The hostile pointed at Lykke. “I followed her in.”


“W-what?” Lykke spluttered. “Don’t be—”


“You cut your way into this zombie’s network space, without being truly present,” said the hostile. “Why, I cannot imagine, for it is a sordid and disgusting place. I do pity you to have fallen so far into confusion. I merely followed the path you took, but I kept my feet clean.”


Lykke’s jaw fell open. Her face went pale, in a very different way to how she had paled with the pain of her bruises. She turned horrified eyes toward Elpida, brimming with tears.


“I-I didn’t mean to— I— zombie, I didn’t— I swear—”


“Ahhhhh,” sighed the other Necromancer. Her eyes widened with surprise. “Betrayal by accident. Sweetness on my tongue. How curious a sensation.”


Lykke let out a dry sob, then burst with a torrent of tears. She clenched her fists so hard that blood seeped through her shaking fingers. She screwed up her face and twisted on one heel, turning away.


“Lykke!” Elpida shouted, putting all the force of command into her voice. The Necromancer sagged toward her, face a mask of shame.


“I didn’t mean to—”


“You are forgiven,” Elpida said. “Don’t run away. Help me fight her.”


Elpida had no idea if her words would work — but they did. Lykke whirled back to the hostile Necromancer, grimacing with humiliated rage at her pale and flawless double.


“You cannot fight me,” said the hostile. “You have fallen too far. You have crippled yourself. I am at my peak.”


Elpida called out, “She has higher network permissions than you, Lykke! That’s what she means.”

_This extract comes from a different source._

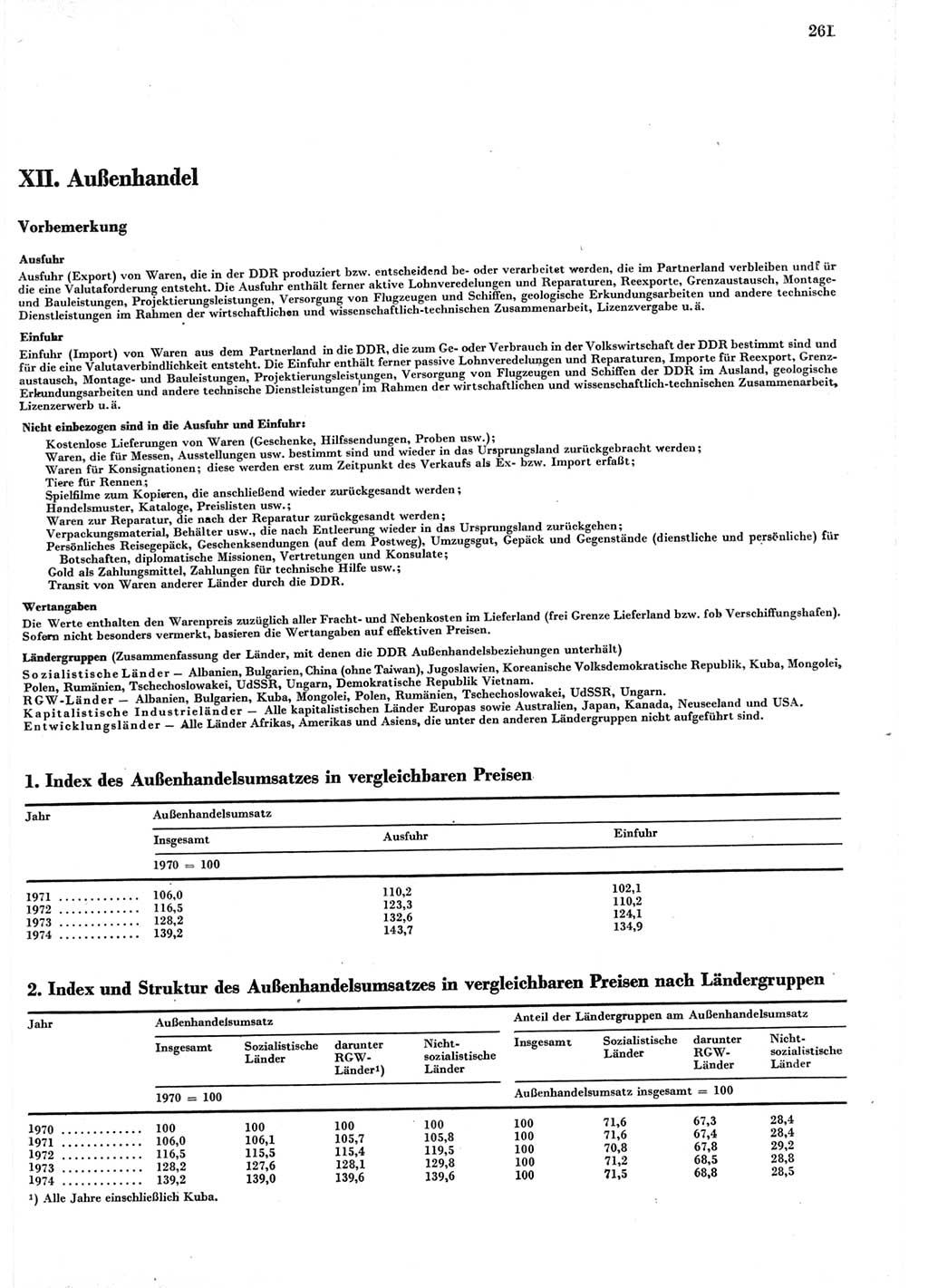 Statistisches Jahrbuch der Deutschen Demokratischen Republik (DDR) 1975, Seite 261 (Stat. Jb. DDR 1975, S. 261)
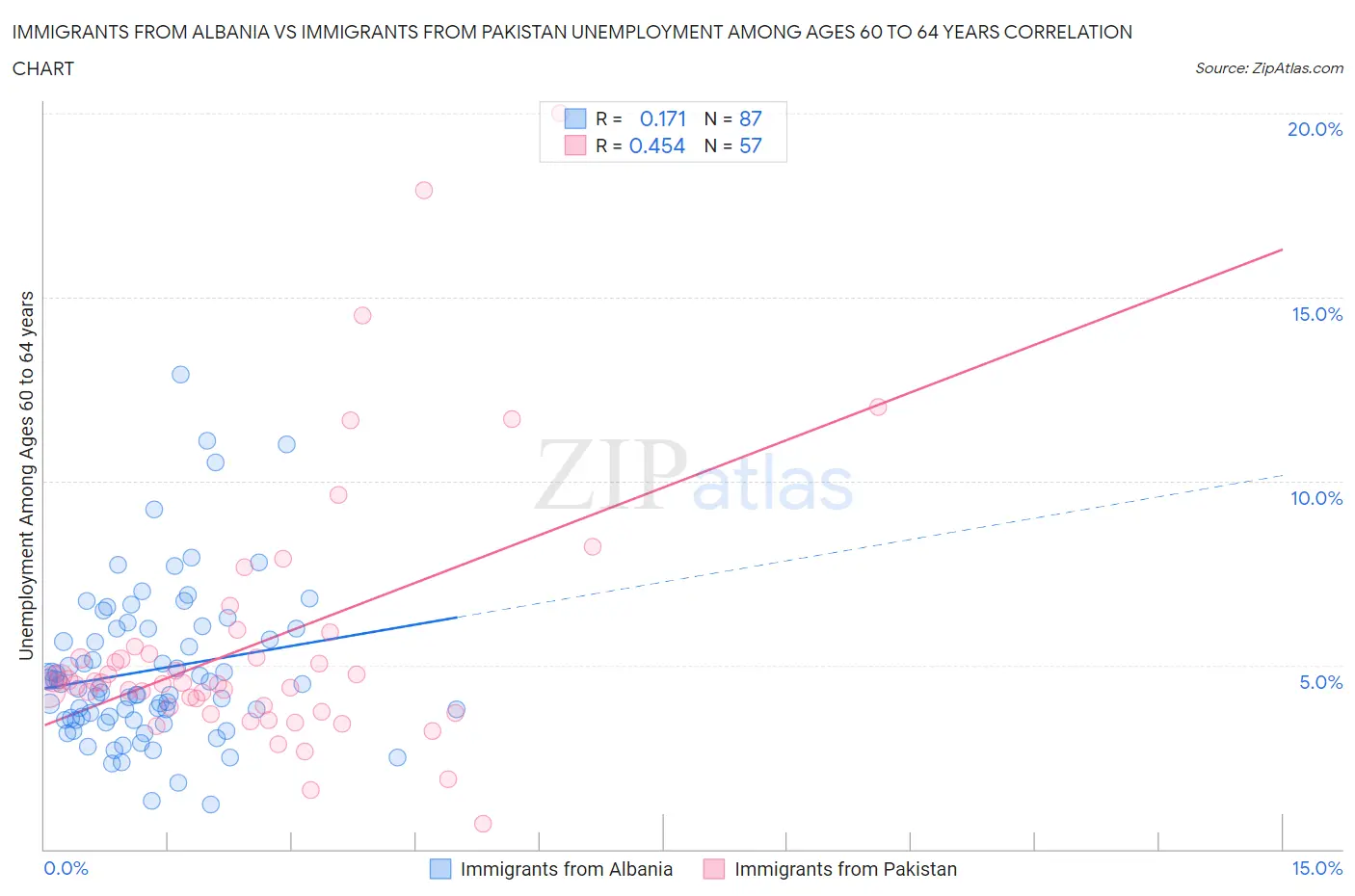 Immigrants from Albania vs Immigrants from Pakistan Unemployment Among Ages 60 to 64 years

“I know!” Lykke spat. “I know, I know, I know! And I also know she’s a rancid little bitch who needs a new cunt torn in her fucking chest!”


The hostile Necromancer gestured — across the camp, toward where Howl lay ready to be cut open.


“Resume,” she said.


The cirgeon-arm above Howl whirled to life, extending scalpel-blades and little glinting needles. The Covenanters in surgical gear stepped back. One of them covered his eyes with his arm. The other raised her hands in helpless supplication.


“Howl!” Elpida shouted.


At the rear of the camp, the Silico jerked forward, shooting between the frozen Covenanters, racing for the hostile’s rear — but then it shied away at the last second, as if unable to truly approach. Twelve feet of Silico killing machine slewed aside, a giant deterred by a mouse. The hostile Necromancer didn’t even blink. Elpida steadied her aim and pumped the trigger of her machine pistol — brrrrt-brrrrrrt — but the rounds passed into the body of the hostile like pebbles cast into a lake of hot wax.


The hostile extended a hand toward Lykke.


“You are dirty and bruised,” said the pale imitation. “You have forgotten what you are supposed to be. You have been in here, playing games, and forgetting yourself.”


“Don’t take it!” Elpida shouted. “Lykke, don’t—”


“Take my hand. Rejoin the process—”


Lykke’s eyes went wide. Her mouth dropped open. Her rage seemed to leave her, like water off clean steel.


“Lykke!”


“Rejoin the process,” said the Necromancer. “And be our elder sister.”